On my way there, I quickly noticed that the old muddy roads were now cemented. There were new houses built around the area. I got so unfamiliar with the place, I didn’t notice that I was already passing by the old school again. Ah, Davao City Integrated Special School. The school where I started. The school where I trained in my earlier days. The place that started to mold some of my talents, skills and personalities. The place that I always thought I will stay until I graduate high school. So many fond memories of that school, both sweet and bitter.
I could still remember when it was still named Davao City Special School. I started there at kindergarten as a small chubby boy then who would cry when my mother would left me inside the classroom. I would eventually learn to be a hyperactive kid, someone who plays a lot but at the same time, excels well in class. As every school year passed and as I grew, that school became a huge part of me. It gave me an identity, as a “Speder”. All through those years I have achieved and experienced so many things. It already came to a point that I just wished to stay there forever. Not thinking of an idea of ever leaving that place.

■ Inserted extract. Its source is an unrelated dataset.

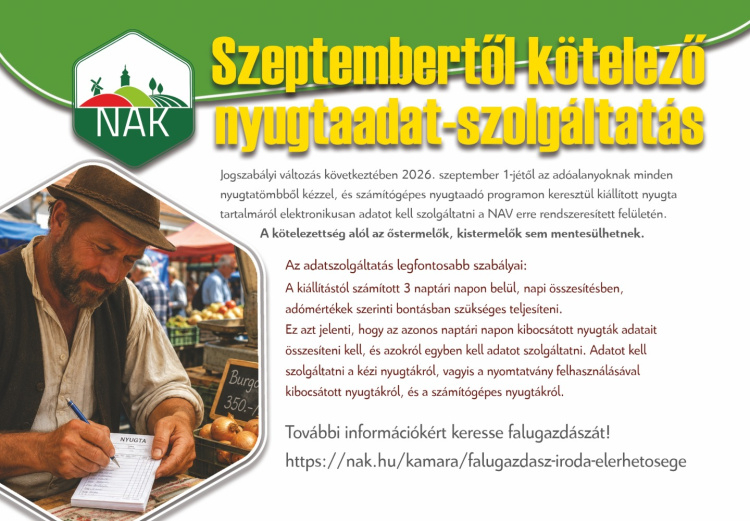 Szeptembertől kötelező a nyugtaadat-szolgáltatás – ingyenes tájékoztatókat tartanak a kistermelőknek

As I was checking the old school, I notice that there was already a covered court inside. Some high school kids were playing basketball. It made me jealous and wished that it was built when I was still there. It would have been a much more great childhood for me. Nevertheless, the area where the court was built still gave me a lot of childhood memories. It was still a huge grassy area of land back then. Everyone would be running around, playing a lot of games. I could still remember playing “Taga-anay” (Tag), “Tagu-anay” (Hide and Seek), “Labo-labo” (Ball Throwing), the very popular “Tigso” (Base Defense) and so many other traditional games. Despite being fat, I was already athletic then to play all those games. I could probably say I’m a “varsity” at those games. That huge land of area may not have a basketball court, but it still gave me a lot of memories, something no game of basketball could duplicate.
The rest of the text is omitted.